7 February 2013

Minnesota Public Radio Begins Climate Cast

Posted by Dan Satterfield

This is a repost (courtesy Bud Ward) at the Yale Forum on Climate Change and the Media.

February 6, 2013

Meteorologist Paul Huttner sits down weekly with MPR ‘Daily Circuit’ host to explore new climate science findings and warming impacts statewide and beyond.

A Minnesota Public Radio meteorologist is venturing where many of his peers in commercial broadcasting have feared to tred: MPR’s Paul Huttner, with top management sharing his concerns that the media are under-informing their audiences on climate change, has begun a weekly “Climate Cast” program.

The statewide broadcast over 39 news stations consists primarily of a two-way discussion and interview in which Huttner takes questions from Kerri Miller, a veteran broadcast journalist now hosting MPR’s “The Daily Circuit” program. The format also includes segments from some two-way discussions Huttner has conducted with various climate experts around the state and beyond it.

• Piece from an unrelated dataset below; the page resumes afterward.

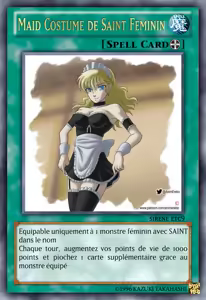 Page 72 of deck saint seiya yugioh - preview thumbnail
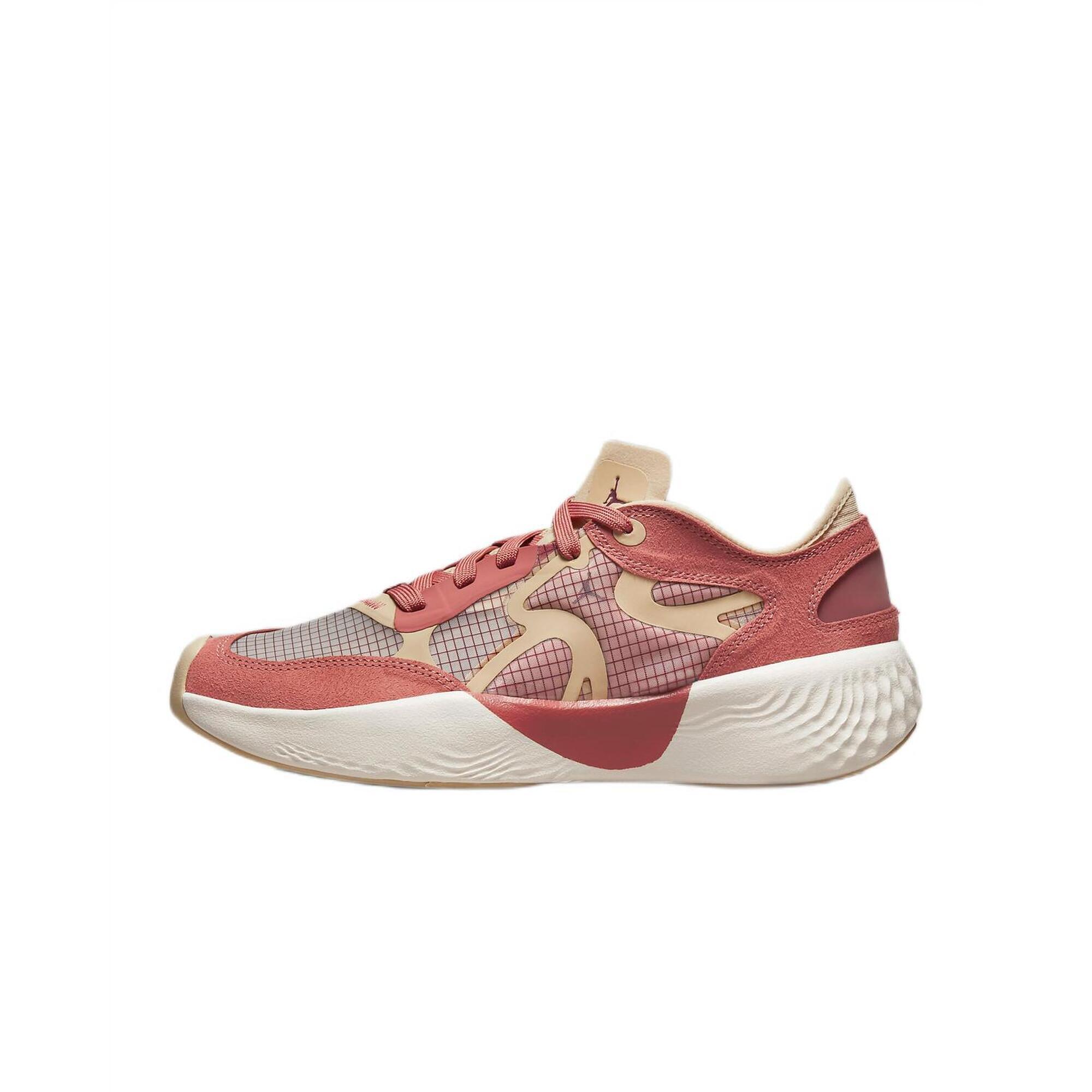 Nike - Chaussures De Marche Pour Femmes Nike Jordan Delta 3 Low - Chaussures De Sport - Rose - 37,5 - Decathlon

“Climate Cast” is aired on Thursdays at 9:45 a.m. central time as a regular weekly component of “The Daily Circuit,” and it can be heard via live streaming. Climate Cast audio is archived in MPR’s Updraft blog each week.

Current MPR ‘Climate Cast’ Broadcast

Huttner and MPR introduce the idea behind “Climate Cast” as follows:

These days it seems like we are witnessing climate changes unfold right before our very eyes.

It’s not our imagination.

The nature of our seasons is changing. Spring blooms come earlier. Summer is more humid with a documented increase in extreme localized flash flood events … and more frequent droughts. Fall lingers longer. Lakes freeze up later. Winters are shorter and noticeably, measurably milder.

We’re all living witnesses to rapid climate changes in our lifetime. This is no longer your grandparents’ “Minnesota.”

In 2013 at MPR we’re devoting more coverage to the science behind and the growing effects of our changing climate in Minnesota and around the globe. You can hear me [Huttner] discuss the week’s top climate stories in our new “Climate Cast” every Thursday morning at 9:50 am with Kerri Miller on The Daily Circuit.

Every Thursday, MPR meteorologist Paul Huttner joins The Daily Circuit to talk about the latest research on our changing climate and the consequences that we’re seeing here in Minnesota and worldwide.

On the January 24 broadcast. Huttner told Miller of “distinct trends” in Minnesota involving fewer sub-zero low temperature days in Minneapolis and Saint Paul and also across Minnesota generally. In the decade of the 1970s, Huttner said, the state had 444 nights with night-time lows of zero degrees Fahrenheit or colder. In the decade of the 80s, that total fell to 280, and to 256 in the 1990s and to 198 in the first decade of this century. It amounts to a 57 percent decline in sub-zero Minnesota nights, Huttner said, and trends indicate that by 2030, “it could be down to around 10 per winter” and “very close to zero” by around 2040.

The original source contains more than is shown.